Tulfo pressed Herbosa on the accountability of both the contractor and government officials potentially involved in alleged collusion.
“Nirelieve niyo na po ba kasi kanina sabi niyo may collusion, may tingin nyo may collusion po between the Discayas at tsaka ilang opisyal po ninyo (Did you relieve anyone because you said there was a collusion, you think there’s a collusion between Dismays and other DOH officials).” the senator asked.
Herbosa responded that no officials have yet been relieved, but an investigation is underway.
“Pinaimbestigahan ko pa lang doon sa (I just ordered an investigation against the) regional director, and of course, may due process. We'll go through all the whole process,” he said, adding that the irregularity came to light during the Senate’s “blue-ray boy” hearings.
When asked if the matter should be referred to the newly formed Independent Commission for Infrastructure (ICI), Herbosa said the department is open to collaboration if the ICI covers all government infrastructure projects.
“Kung kasama ‘yun (If that’s included), it would be nice to help us,” he said.
However, he noted that the DOH already has internal mechanisms and could elevate findings to the Office of the Ombudsman if needed.
St. Timothy Construction, owned by contractor couple, Cezarah and Pacifico Discaya, was awarded the DOH project in the Zamboanga region, but no details were given on the value or timeline of the contract.
Meanwhile, discussions also covered the DOH’s Quick Response Fund (QRF) for 2026, which has been pegged at P500 million.
Herbosa admitted it may not be sufficient amid increasingly frequent natural disasters.
“October pa lang, nasa P199 [million] na. Malapit na maubos (It's only October, and it's already at P199 million. It's almost depleted),” he said.
Tulfo also raised concerns about reduced capital outlay in the proposed 2026 budget despite President Ferdinand Marcos Jr.'s earlier commitments to expand specialty hospitals in the provinces.

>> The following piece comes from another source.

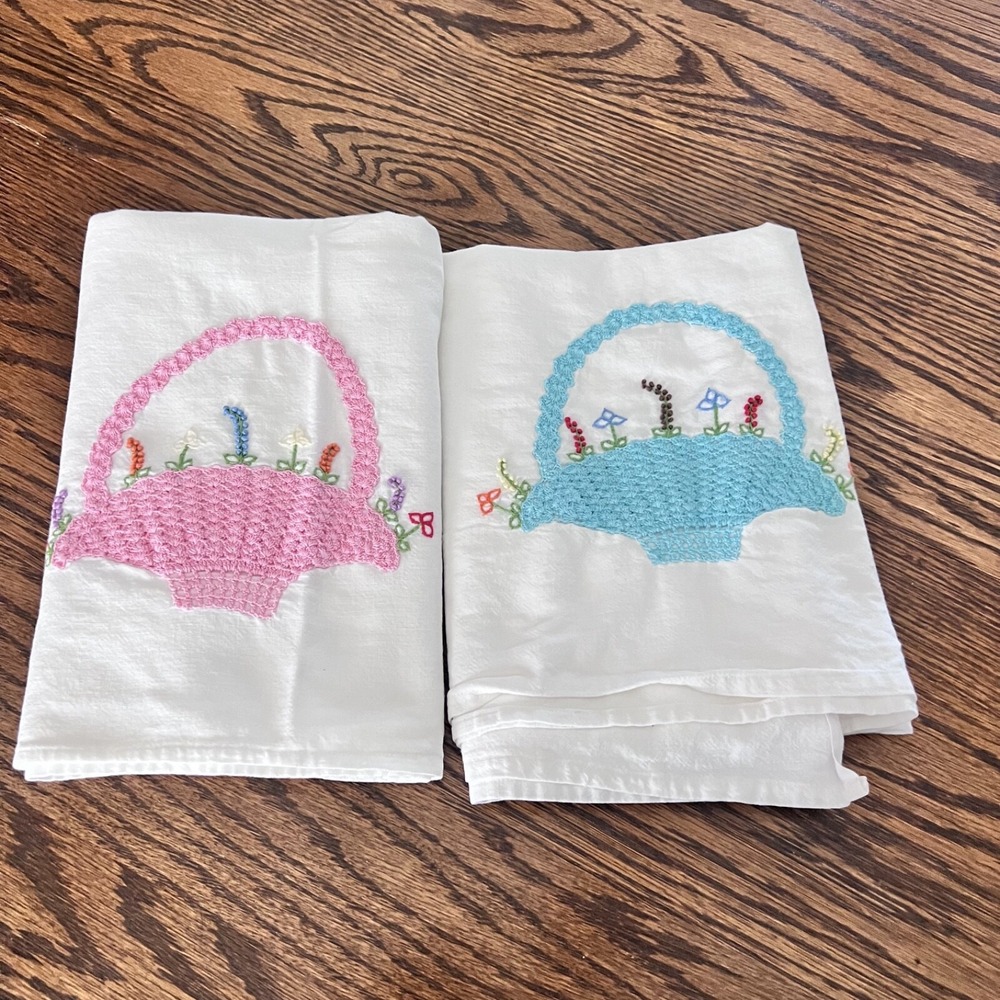 Handmade Vintage Circa 1950's Hand Embroidered Hand Towels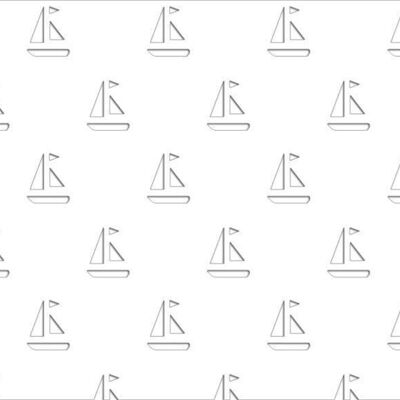 "Sailboats, bright white" silhouette card, 23 x 33 cm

He then questioned the Department of Budget and Management’s (DBM) decision to cut funding for health infrastructure, citing the President’s previous State of the Nation Address (SONA) in which he vowed to build specialty hospitals in the provinces.
“Secretary, bakit po binabaan ang capital outlay ninyo ng DBM? Did you ask the DBM, why? Kasi po previous SONA po sinabi ng Pangulo gusto niya na itong mga health heart center, lung center, mga NKTI type of hospitals, lalagyan din po sa probinsya para hindi na pumunta sa Metro Manila. Do we have enough funds for that? Ito po sa plano ng Pangulo, programa ng Pangulo?,” Tulf asked.
Herbosa explained the DOH’s reduced capital outlay under2025 National Expenditure Program (NEP) reflects a strategic shift which aligns with the President’s directive to prioritize public services over infrastructure.
“Ang sinabi sa akin, is that they want less of capital outlay and more on services. So if you notice, ang pinondohan, education, health, and agriculture. So yun ang parang focus nitong NEP nato (The President told me they want less capital outlay and more on services. The budget will instead focus on education, health services, and agriculture),” he said.
Herbosa assured Tulfo that legacy projects, such as heart and lung centers outside Metro Manila, remain ongoing and are being explored through alternative financing, including public-private partnerships (PPPs) and foreign grants.
“He wants more services for the remaining part of his term,” Herbosa added, explaining that large capital projects may not be completed by 2028, citing a proposed heart center in Clark eyed for funding by the United Arab Emirates.